The earth is hungry. It waits to eat.

The end of the planet Earth is something that Doctor Who has found itself irresistibly drawn to. In the original outline for the series, the first time we realized this police box was a time machine was when the scanner showed Earth exploding and 'Doctor Who' concluded they had traveled into the future to see this. In the revived series, RTD based a whole story around that in The End of the World. The Ark also showed what humanity was up to during this apocalypse, and both Inferno and Pyramids of Mars upped the stakes by showing the destruction of Earth happening all too soon.

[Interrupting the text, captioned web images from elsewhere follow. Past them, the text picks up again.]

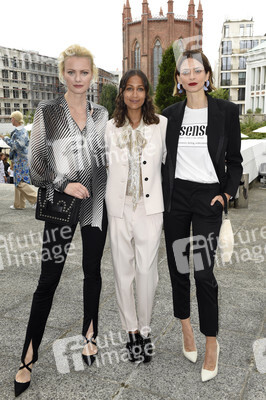 Gruppenausstellung des Kulturformats Der Berliner Salon auf der Berlin Fashion Week Spring/Summer 2019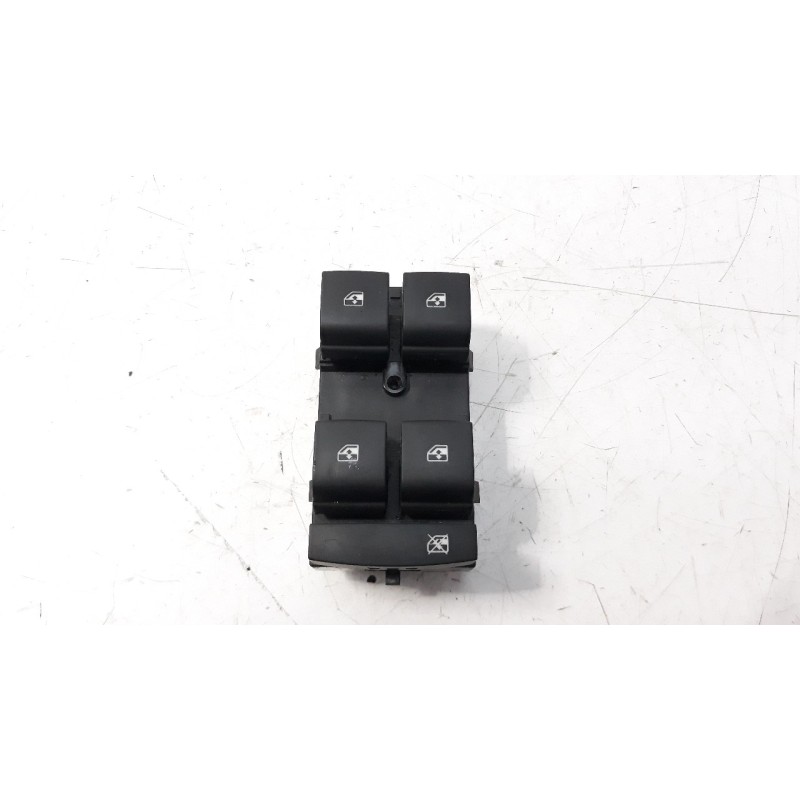 Recambio de mando elevalunas delantero izquierdo para opel mokka 1.7 16v cdti referencia OEM IAM 13305011 IAF320077HQ EWSPL030
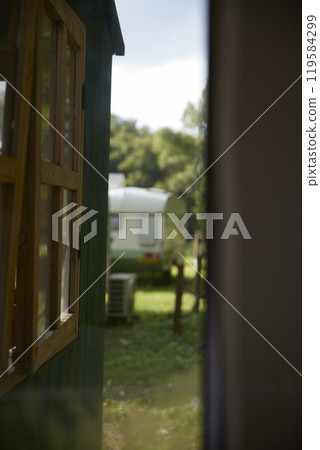 Camping in the woods with mountains and trees where you can relax and relax. Camping in the woods with mountains and trees where you can relax and relax. 119584299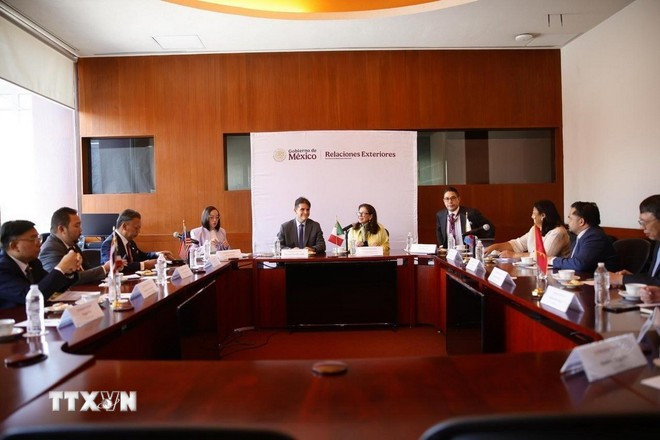 En la reunión (Fuente: VNA) mexico-asean-1.jpg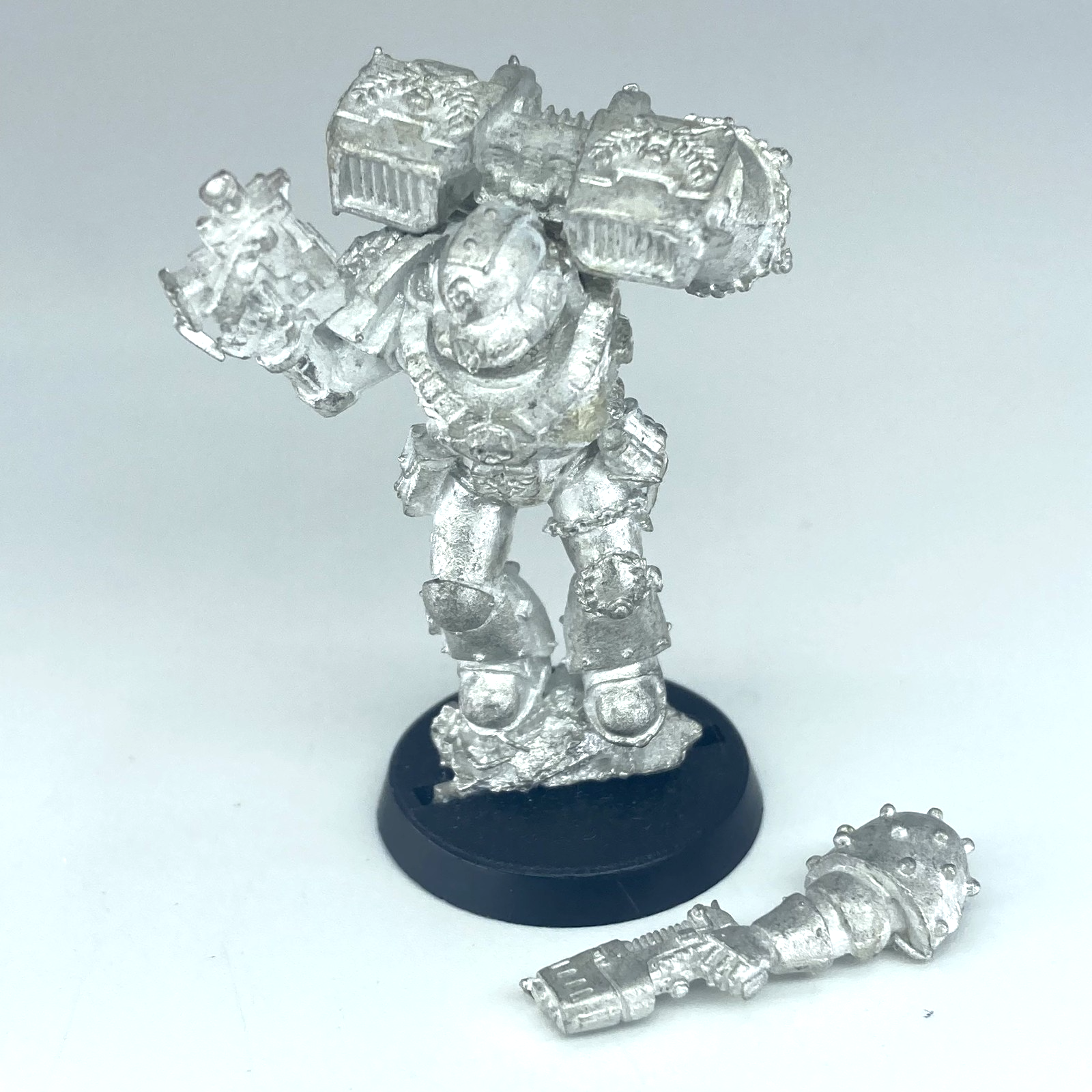 b6b2f678-b308-48ff-bd4f-115c23926131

There's something odd about stories set in a universe we're our home planet is no more. Maybe it's just because I live here, but I do get lonely when I experience The Hitchhiker's Guide to the Galaxy, Babylon 5, Blake's 7: The Logic of Empire, Titan AE or just hear that line from The Ark where a character is coldly reminded that "the Earth itself no longer exists". To know my world isn't in the sky... It's not a pleasant thought and I believe it's the reason why all fans, to an extent, were uncomfortable with the idea of Gallifrey being destroyed. Not necessarily for the planet or its inhabitants, but because the Doctor had to feel that feeling from now on. And who'd wish that on anyone?

But Frontios goes further.

All these 'end of the planet Earth' stories contradict themselves to a lesser or greater extent, but they are universally positive. The world doesn't end in Inferno or Pyramids of Mars. Humanity and Monoids get a happy ending in The Ark and the Earth is put out of its misery by an evolved humanity in The End of the World. It is put down to a rite of passage, of accepting one's end, of new hope.

Not in Frontios.

I might complain that it contradicts a good 80% of televised and untelevised Doctor Who, but it's the point. The future we see on Frontios is bleak. Humanity has not touched every star, mingled with alien races, set up an empire that will last a thousand years. Humanity is alone, the other planets are devoid of life, and Earth's civilization is described by the Time Lords as "a group of refugees".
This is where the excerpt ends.